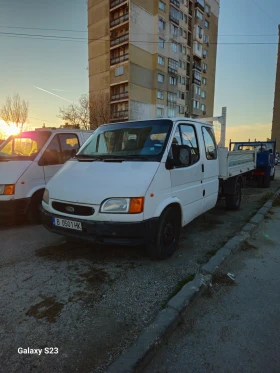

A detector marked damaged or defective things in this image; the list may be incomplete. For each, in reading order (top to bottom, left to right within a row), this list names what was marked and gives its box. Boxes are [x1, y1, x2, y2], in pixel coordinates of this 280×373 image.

cracked asphalt [0, 167, 278, 370]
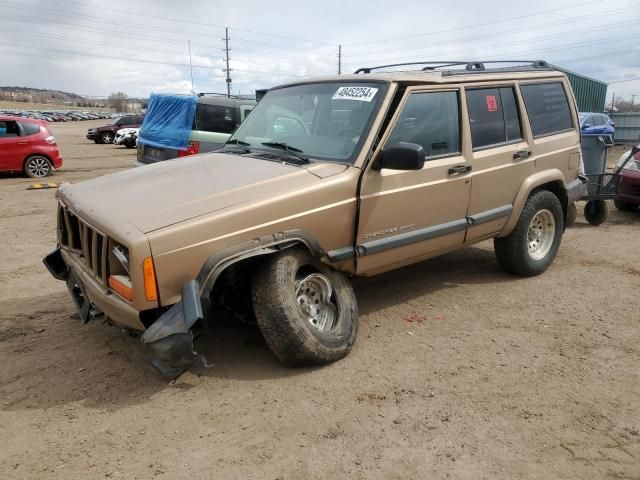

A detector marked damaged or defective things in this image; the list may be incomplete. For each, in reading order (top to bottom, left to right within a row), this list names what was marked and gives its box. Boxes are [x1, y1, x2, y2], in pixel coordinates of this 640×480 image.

damaged front bumper [44, 248, 205, 378]
detached bumper piece [141, 282, 204, 378]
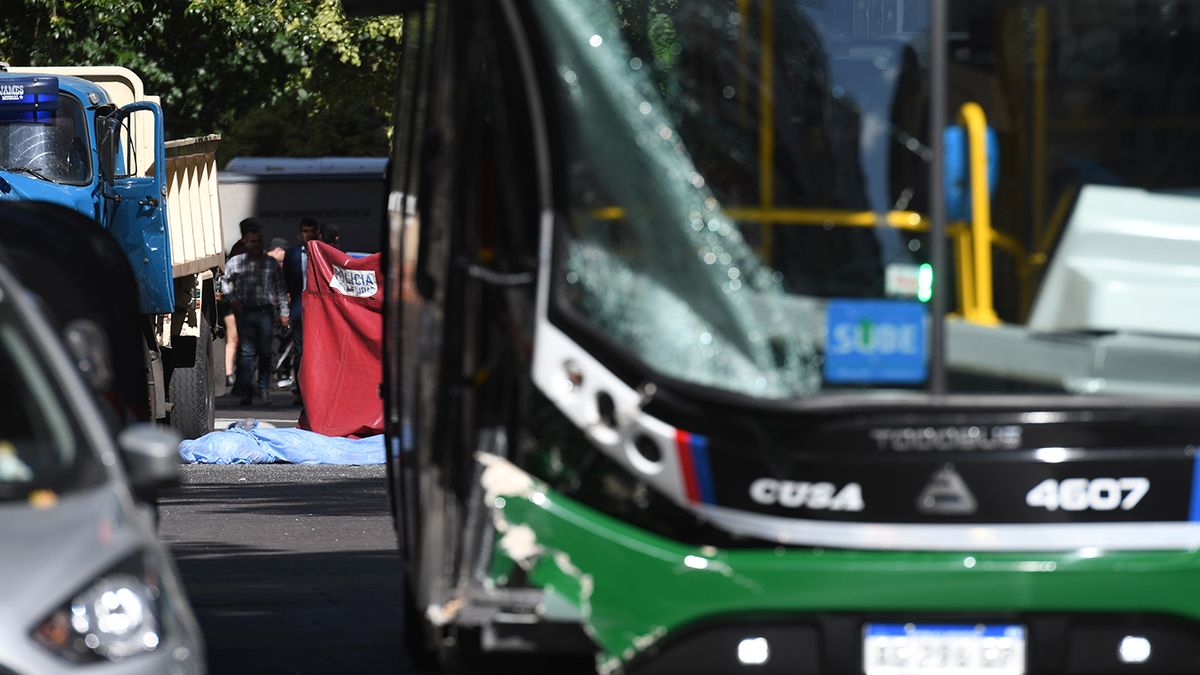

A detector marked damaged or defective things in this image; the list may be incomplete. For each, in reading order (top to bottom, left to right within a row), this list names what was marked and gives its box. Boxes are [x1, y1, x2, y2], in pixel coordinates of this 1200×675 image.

cracked windshield [540, 0, 1200, 398]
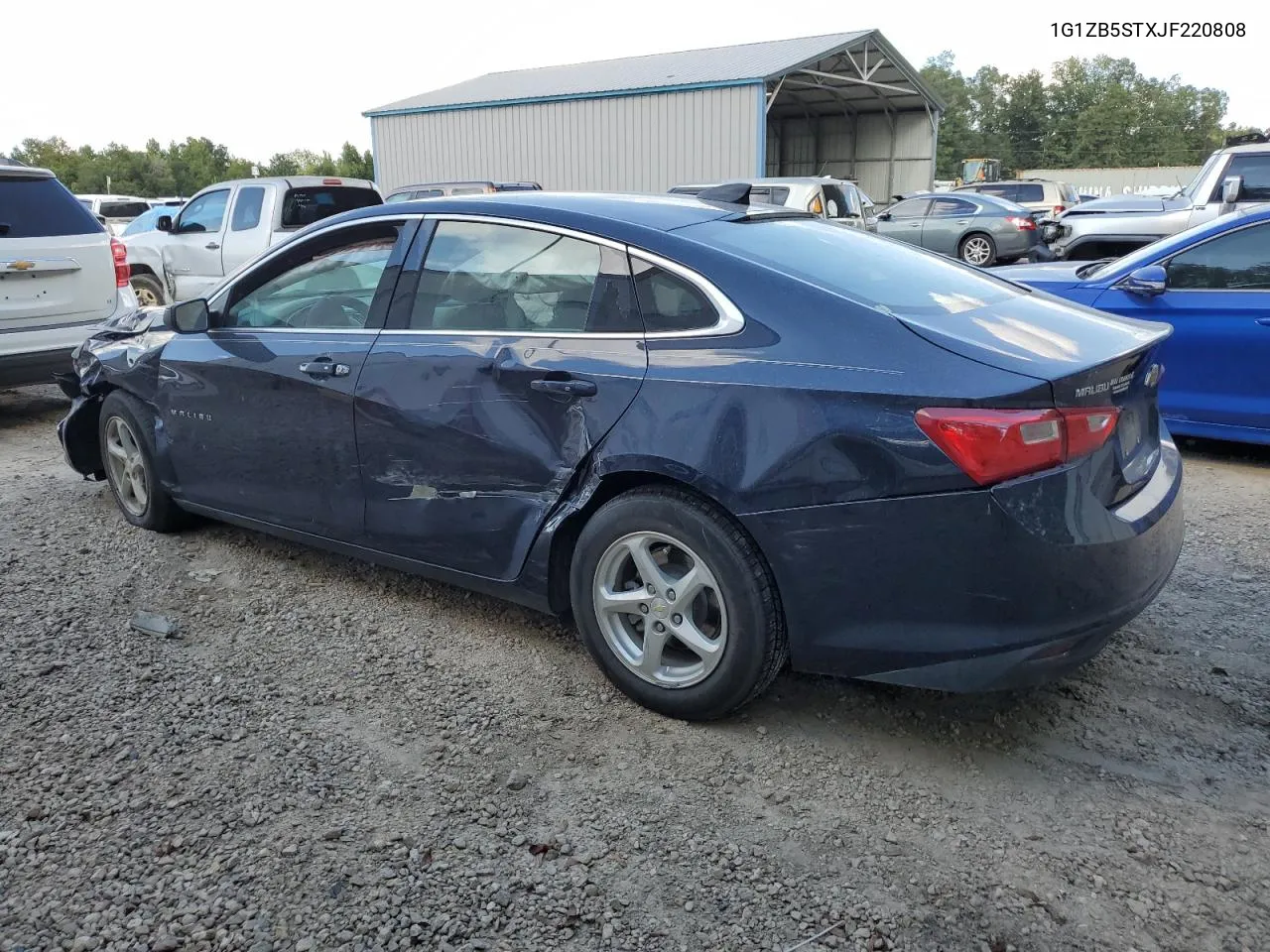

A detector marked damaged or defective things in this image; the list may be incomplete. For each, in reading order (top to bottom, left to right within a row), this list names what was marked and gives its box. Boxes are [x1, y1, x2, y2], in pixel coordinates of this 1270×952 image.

damaged blue chevrolet malibu [57, 186, 1189, 721]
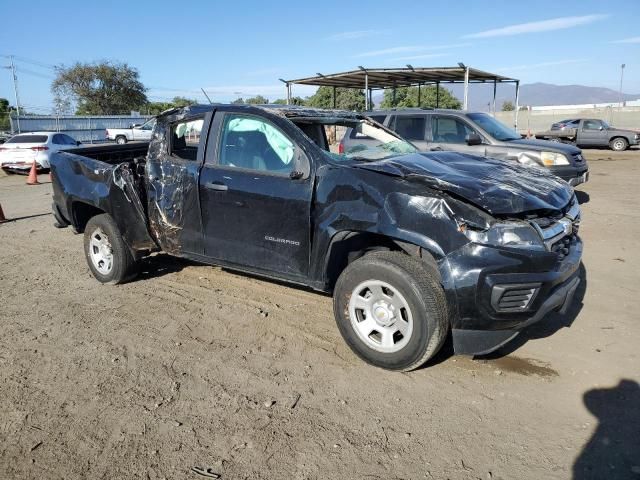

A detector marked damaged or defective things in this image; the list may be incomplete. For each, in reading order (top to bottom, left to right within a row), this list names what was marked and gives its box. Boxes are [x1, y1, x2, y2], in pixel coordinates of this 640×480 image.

shattered windshield [298, 118, 418, 161]
damaged hood [352, 152, 572, 216]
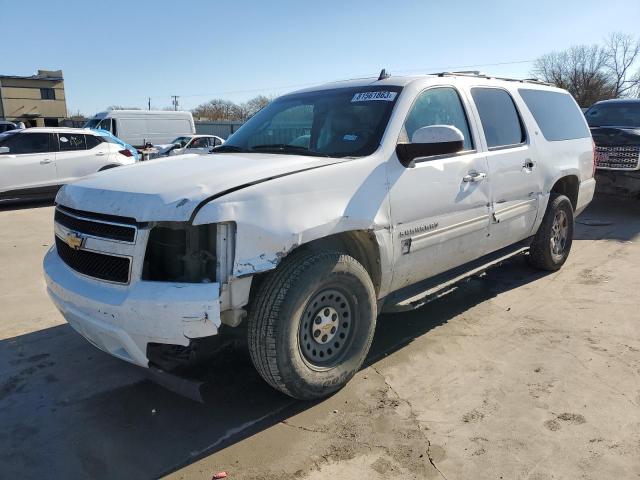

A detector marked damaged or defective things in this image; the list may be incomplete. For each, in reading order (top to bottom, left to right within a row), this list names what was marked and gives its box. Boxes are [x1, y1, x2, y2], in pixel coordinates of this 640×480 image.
***
§ ABOUT THIS TASK: A word-for-word copy of the entries above is what is needed, without any images.

§ RESULT OF THE EXERCISE:
A detector marked damaged or defective things in this image; the list may be incomplete. For each, in reading order (top to bottom, left to right within a row), this list names what was marked and gives its box. Boxes are [x1, y1, x2, y2], in pixel coordinates of this 280×373 image.

cracked asphalt [0, 167, 278, 370]

A detector marked damaged or defective things in this image; the list may be incomplete. For each, in reading order (top to bottom, left to right within a row), this list names what was marked and gives its box. Boxes are [x1, y1, x2, y2], in pixel coordinates of this 640×480 image.

damaged front bumper [44, 248, 205, 378]
detached bumper piece [141, 282, 204, 378]

A detector marked damaged or defective things in this image; the list may be incomplete. For each, in reading order (top to bottom, left to right within a row), this list names what was marked and gives its box. Boxes are [x1, y1, x2, y2], in pixel coordinates of this 1200×675 image.

cracked windshield [540, 0, 1200, 398]

A detector marked damaged or defective things in this image; the list may be incomplete. For each, in reading order (top to bottom, left to right within a row), this list names what was marked and gives its box. Boxes are [x1, y1, x2, y2], in pixel coordinates of this 1270×952 image.

damaged blue chevrolet malibu [57, 186, 1189, 721]

A detector marked damaged or defective things in this image; the list may be incomplete. For each, in reading order (top to bottom, left to right within a row), this list names what was marked and gives its box. Boxes are [x1, y1, x2, y2], in pixel coordinates of this 640×480 image.

shattered windshield [298, 118, 418, 161]
damaged hood [352, 152, 572, 216]

A detector marked damaged or defective things in this image; the list may be incomplete. For each, in reading order (top to bottom, left to right within a row), this list names what was marked and gives its box. Boxes are [x1, y1, x2, y2], in pixel coordinates of this 640×480 image.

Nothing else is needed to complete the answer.